◆ **Assignment**: Look through the records below, count the lines with the word "Personalized", and reply with only the number.
····················
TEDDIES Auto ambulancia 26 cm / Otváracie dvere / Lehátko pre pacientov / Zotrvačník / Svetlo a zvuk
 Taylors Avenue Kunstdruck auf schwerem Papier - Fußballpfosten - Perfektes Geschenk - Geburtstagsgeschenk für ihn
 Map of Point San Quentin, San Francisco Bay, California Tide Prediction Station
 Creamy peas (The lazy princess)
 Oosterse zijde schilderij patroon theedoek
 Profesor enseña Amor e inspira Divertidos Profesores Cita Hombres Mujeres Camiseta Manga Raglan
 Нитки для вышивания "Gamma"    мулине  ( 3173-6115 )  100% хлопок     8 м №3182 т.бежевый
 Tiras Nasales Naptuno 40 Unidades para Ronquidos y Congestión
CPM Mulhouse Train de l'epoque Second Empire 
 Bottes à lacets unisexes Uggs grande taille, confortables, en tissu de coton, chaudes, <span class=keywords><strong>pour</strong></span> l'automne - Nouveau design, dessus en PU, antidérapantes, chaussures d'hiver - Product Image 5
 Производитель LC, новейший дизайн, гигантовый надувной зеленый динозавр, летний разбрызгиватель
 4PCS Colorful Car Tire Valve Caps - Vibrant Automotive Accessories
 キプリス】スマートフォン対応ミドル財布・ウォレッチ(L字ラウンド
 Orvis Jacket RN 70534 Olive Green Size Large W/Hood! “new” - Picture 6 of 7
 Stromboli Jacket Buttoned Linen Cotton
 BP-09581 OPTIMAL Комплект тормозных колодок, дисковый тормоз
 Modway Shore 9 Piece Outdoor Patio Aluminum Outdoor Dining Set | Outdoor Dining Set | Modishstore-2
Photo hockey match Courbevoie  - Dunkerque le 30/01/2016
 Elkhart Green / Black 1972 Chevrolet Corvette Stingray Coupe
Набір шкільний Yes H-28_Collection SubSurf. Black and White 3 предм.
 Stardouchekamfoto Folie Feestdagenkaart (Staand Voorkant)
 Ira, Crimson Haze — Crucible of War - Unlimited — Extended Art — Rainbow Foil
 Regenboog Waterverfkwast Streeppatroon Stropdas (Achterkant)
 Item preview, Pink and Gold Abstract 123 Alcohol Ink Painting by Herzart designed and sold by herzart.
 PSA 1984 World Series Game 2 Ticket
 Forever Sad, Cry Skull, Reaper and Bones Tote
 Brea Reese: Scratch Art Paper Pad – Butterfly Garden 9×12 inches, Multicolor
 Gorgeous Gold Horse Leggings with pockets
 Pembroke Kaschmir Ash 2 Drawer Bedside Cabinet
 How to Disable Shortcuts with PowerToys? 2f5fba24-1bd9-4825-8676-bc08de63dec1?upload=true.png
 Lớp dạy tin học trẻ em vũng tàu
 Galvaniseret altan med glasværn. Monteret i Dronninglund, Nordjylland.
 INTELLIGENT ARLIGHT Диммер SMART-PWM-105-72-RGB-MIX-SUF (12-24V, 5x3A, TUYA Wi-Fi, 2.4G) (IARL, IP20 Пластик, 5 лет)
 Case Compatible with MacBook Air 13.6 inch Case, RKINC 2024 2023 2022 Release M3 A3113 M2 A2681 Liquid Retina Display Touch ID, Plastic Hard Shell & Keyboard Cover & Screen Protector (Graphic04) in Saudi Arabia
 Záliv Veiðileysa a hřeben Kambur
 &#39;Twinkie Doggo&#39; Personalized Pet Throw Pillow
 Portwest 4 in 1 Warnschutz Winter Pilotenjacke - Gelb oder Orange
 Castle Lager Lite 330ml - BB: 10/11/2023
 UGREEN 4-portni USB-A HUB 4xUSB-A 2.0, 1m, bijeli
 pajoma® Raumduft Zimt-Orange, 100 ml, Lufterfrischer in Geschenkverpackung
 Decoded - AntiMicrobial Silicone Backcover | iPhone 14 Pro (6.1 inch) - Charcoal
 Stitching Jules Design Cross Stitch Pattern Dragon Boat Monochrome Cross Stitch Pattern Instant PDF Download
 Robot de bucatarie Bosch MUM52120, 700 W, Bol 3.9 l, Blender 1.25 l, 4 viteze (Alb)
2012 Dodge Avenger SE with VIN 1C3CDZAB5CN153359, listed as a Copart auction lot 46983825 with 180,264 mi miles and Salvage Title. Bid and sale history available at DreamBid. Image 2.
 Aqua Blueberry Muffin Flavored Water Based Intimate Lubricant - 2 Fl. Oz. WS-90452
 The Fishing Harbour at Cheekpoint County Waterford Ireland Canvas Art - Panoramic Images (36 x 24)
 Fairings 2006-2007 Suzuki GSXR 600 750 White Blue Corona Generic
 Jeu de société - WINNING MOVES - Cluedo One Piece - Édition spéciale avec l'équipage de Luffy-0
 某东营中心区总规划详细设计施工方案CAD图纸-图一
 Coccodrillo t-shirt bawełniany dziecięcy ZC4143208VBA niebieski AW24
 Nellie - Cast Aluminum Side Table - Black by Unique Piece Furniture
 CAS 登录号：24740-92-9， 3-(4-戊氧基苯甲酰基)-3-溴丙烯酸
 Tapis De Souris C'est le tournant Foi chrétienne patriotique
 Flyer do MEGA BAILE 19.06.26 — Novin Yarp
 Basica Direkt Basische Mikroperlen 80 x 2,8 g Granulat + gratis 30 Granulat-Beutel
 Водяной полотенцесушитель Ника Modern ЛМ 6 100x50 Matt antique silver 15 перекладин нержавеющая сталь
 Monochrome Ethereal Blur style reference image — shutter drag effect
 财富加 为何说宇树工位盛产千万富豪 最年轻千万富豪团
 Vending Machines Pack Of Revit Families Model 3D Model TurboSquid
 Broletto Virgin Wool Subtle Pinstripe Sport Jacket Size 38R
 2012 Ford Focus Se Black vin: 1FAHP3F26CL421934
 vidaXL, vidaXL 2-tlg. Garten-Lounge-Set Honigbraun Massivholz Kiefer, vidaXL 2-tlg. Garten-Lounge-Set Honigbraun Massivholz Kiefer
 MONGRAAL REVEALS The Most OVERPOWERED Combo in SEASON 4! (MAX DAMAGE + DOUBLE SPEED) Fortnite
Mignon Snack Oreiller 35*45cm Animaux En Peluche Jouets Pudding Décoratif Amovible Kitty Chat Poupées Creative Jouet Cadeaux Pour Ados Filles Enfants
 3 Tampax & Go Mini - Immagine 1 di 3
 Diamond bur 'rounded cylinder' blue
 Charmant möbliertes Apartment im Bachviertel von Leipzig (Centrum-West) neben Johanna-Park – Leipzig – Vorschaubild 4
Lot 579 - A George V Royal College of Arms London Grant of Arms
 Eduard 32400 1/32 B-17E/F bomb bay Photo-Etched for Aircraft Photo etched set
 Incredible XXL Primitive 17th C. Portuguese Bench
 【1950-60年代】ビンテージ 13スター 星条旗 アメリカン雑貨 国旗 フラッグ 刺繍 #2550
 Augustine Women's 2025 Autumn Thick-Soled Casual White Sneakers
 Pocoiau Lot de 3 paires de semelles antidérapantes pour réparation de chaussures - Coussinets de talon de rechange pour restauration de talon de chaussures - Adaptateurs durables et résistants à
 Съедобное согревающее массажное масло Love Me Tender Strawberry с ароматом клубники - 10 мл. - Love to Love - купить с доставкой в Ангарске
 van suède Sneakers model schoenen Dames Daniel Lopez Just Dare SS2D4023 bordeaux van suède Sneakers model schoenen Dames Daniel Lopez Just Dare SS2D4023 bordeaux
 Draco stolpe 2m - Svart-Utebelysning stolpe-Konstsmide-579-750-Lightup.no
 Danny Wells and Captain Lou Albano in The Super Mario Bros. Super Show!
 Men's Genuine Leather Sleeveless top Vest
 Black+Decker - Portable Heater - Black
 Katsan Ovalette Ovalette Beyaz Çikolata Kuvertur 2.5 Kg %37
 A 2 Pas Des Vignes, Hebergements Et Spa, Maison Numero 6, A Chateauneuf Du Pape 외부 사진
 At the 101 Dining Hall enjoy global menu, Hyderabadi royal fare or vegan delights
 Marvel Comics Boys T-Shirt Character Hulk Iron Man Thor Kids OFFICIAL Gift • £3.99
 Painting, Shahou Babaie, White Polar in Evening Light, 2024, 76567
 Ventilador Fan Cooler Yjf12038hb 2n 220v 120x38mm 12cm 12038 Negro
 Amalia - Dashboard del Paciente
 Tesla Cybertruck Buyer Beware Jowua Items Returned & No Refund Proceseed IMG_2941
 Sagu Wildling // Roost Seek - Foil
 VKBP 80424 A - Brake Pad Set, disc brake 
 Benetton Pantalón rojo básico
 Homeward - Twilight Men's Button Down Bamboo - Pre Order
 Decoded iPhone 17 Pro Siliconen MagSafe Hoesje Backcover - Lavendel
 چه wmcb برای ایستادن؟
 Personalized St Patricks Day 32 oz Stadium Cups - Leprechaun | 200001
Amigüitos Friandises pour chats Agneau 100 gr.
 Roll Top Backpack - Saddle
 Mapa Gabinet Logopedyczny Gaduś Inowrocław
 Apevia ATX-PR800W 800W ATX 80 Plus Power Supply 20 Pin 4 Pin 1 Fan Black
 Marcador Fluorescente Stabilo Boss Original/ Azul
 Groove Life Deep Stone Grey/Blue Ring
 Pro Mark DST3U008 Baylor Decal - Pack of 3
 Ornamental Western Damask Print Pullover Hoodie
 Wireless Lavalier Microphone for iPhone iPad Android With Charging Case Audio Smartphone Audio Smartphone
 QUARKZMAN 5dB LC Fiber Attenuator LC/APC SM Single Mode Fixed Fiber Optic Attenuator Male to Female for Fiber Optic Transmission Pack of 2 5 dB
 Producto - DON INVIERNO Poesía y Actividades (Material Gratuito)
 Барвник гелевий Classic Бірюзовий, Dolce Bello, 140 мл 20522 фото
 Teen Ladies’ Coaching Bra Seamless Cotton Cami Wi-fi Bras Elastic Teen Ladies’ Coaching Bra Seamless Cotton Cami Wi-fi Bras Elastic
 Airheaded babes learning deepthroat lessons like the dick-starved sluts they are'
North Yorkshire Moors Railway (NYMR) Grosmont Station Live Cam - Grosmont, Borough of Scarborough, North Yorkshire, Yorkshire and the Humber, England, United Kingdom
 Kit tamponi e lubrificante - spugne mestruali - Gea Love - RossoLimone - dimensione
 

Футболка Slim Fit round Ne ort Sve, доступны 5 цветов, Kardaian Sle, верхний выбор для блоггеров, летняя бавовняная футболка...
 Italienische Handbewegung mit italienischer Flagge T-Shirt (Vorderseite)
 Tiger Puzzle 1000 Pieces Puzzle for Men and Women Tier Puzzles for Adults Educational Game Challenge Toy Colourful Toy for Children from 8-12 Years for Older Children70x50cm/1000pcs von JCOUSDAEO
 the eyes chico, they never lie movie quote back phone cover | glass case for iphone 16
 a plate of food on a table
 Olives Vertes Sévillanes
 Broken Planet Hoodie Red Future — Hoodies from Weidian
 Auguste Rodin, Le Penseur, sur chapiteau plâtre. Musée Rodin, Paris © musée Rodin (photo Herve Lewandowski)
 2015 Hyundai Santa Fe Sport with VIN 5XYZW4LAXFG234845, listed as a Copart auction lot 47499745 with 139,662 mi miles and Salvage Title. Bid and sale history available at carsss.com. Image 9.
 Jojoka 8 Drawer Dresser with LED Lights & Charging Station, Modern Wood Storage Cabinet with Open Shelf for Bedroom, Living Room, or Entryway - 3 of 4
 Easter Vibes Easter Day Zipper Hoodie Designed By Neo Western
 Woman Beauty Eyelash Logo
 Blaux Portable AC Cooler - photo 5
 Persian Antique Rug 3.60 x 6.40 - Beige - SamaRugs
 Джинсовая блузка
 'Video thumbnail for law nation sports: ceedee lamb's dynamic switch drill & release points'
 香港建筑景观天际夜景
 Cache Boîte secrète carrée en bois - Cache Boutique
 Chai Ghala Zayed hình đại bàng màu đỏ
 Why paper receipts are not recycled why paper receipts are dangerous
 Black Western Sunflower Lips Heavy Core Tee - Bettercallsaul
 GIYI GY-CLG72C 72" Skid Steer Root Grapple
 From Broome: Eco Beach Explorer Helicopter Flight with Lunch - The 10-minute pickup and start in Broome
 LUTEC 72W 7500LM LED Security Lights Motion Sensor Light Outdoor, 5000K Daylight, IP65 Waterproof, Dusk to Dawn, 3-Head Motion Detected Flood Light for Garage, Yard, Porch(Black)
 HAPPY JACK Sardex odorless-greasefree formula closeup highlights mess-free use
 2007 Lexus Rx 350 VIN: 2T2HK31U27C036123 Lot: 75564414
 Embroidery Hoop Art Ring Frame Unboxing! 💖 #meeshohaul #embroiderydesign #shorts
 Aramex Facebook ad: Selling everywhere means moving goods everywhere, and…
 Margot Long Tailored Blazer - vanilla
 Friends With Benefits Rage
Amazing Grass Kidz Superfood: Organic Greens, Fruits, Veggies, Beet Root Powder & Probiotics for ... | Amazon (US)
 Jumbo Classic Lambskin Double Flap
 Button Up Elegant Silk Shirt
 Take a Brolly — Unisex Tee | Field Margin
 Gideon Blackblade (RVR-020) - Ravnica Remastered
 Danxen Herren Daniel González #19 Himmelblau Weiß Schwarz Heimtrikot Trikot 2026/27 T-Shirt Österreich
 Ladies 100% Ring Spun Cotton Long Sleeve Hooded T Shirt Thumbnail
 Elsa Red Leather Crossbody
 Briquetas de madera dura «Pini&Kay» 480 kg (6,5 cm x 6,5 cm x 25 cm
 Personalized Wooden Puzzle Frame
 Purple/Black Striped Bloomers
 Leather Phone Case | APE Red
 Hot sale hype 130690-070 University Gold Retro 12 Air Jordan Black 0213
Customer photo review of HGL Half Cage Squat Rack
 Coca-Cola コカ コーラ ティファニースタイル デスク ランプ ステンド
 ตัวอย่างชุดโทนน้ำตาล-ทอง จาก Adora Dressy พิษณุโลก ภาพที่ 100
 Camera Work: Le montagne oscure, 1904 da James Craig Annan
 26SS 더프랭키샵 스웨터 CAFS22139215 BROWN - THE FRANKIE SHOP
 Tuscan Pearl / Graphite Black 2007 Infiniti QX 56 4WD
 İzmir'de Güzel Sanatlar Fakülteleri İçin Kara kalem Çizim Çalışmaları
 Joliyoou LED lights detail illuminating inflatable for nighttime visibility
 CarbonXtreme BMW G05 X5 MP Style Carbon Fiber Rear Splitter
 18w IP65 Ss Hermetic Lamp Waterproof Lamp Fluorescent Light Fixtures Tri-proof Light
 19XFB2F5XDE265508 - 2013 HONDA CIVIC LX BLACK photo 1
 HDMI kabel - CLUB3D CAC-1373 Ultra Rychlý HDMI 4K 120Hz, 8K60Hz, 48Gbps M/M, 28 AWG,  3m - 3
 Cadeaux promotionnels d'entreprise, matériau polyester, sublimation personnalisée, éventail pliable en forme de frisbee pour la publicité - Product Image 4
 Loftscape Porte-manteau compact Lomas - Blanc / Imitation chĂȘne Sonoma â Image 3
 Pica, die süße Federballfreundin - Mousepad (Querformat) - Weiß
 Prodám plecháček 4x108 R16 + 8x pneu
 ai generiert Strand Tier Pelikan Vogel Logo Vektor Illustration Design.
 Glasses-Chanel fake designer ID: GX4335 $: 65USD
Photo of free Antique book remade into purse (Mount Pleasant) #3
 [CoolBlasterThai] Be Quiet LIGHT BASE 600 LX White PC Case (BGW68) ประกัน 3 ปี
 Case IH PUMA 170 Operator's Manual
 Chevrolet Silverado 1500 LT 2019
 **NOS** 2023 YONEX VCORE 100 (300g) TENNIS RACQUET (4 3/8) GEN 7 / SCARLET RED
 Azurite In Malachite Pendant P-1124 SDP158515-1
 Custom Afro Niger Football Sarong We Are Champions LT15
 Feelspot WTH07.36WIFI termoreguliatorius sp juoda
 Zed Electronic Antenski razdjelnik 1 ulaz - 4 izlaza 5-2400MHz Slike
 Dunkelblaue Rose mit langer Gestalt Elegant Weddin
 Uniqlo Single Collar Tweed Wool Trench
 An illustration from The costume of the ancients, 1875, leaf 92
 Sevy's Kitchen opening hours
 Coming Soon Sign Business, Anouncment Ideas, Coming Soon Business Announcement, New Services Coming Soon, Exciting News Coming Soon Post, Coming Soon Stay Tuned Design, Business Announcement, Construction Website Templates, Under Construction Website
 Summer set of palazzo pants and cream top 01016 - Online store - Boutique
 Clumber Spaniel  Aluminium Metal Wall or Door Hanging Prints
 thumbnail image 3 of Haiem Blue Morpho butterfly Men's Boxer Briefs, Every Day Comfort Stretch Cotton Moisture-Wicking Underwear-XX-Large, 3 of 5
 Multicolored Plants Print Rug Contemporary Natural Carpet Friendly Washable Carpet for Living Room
····················
◆ **Output for this exercise**: 3